In der Gelassenheit bleiben
Anders als in einem gewöhnlichen Gottesdienst ist in einem Gottesdienst für Menschen mit Demenz vor allem die Sprache. Laut Barth ist sie langsamer und besteht aus weniger Worten. Demgegenüber steht eine grössere Achtsamkeit im Blick auf die Körpersprache, Mimik und Gestik. Auch die «Versinnlichung» wie durch Musik oder Gerüche bekommt mehr Bedeutung. «Anders ist auch, dass man als Seelsorgender stärker im Moment präsent sein muss. Was durchaus herausfordernd ist», sagt er. «Es geht darum, körperliche und emotionale Äusserungen wahrzunehmen. Lächelt jemand? Hat er Tränen in den Augen? Macht er etwas Spezielles?» Barth erzählt von einem Mann mit Demenz, der jeweils seine Mundharmonika hervorzog.
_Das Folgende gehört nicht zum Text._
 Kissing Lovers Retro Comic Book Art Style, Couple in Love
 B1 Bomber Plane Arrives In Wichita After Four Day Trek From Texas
Er hatte darauf immer schon gerne Kirchenlieder gespielt. «Ich bat ihn folglich jeweils darauf zu spielen und merkte, dass seine Lieder auch vielen der anderen Personen mit Demenz vertraut waren», sagt er. «Solche ungeplanten Momente stossen bei mir immer auf ein offenes Herz und lösen ein Gefühl der Zugehörigkeit aus: Im Sinne von ‹schön, dass du da bist›». Auch Angehörigen könne es helfen, zu versuchen in der Gelassenheit zu bleiben. Anspannungen in einem selbst könnten die Unsicherheit von Menschen mit Demenz noch verstärken. «Für Angehörige ist es schwierig, wenn der Vater oder die Mutter ‹nicht mehr so funktioniert› wie früher. Sie bringen Dinge anders und vor allem im Hier und Jetzt zum Ausdruck.»
Worte erlebbar machen
Laut Barth ist ein Gottesdienst ein Raum für sinnempfindliche Wahrnehmung. «Umso wichtiger ist es, ihn nicht mit Symbolen zu überfrachten, sondern sich auf weniges zu konzentrieren», sagt er. Barth arbeitet gern mit den Worten von Jesus: «Kommet her zu mir alle, die ihr mühselig und beladen seid (…) so werdet ihr Ruhe finden für eure Seelen.» «Gleichzeitig zeige ich ein Bild von Jesus, der seine Arme öffnet oder reiche ein Herz aus Stoff herum. So dass dieses Gefühl durch ein Zeichen versinnlicht wird», sagt er. Eine weitere Möglichkeit etwas zu versinnlichen sei beispielsweise, mit Öl das Kreuzzeichen auf die Hand einer Person zu zeichnen. Auch die Kommunion löse Emotionen aus. «Sie ist in der Generation, die aktuell an Demenz erkrankt ist, das Erkennungszeichen dafür, Teil einer Gemeinschaft zu sein und die Erinnerung daran ist oft tief verankert.»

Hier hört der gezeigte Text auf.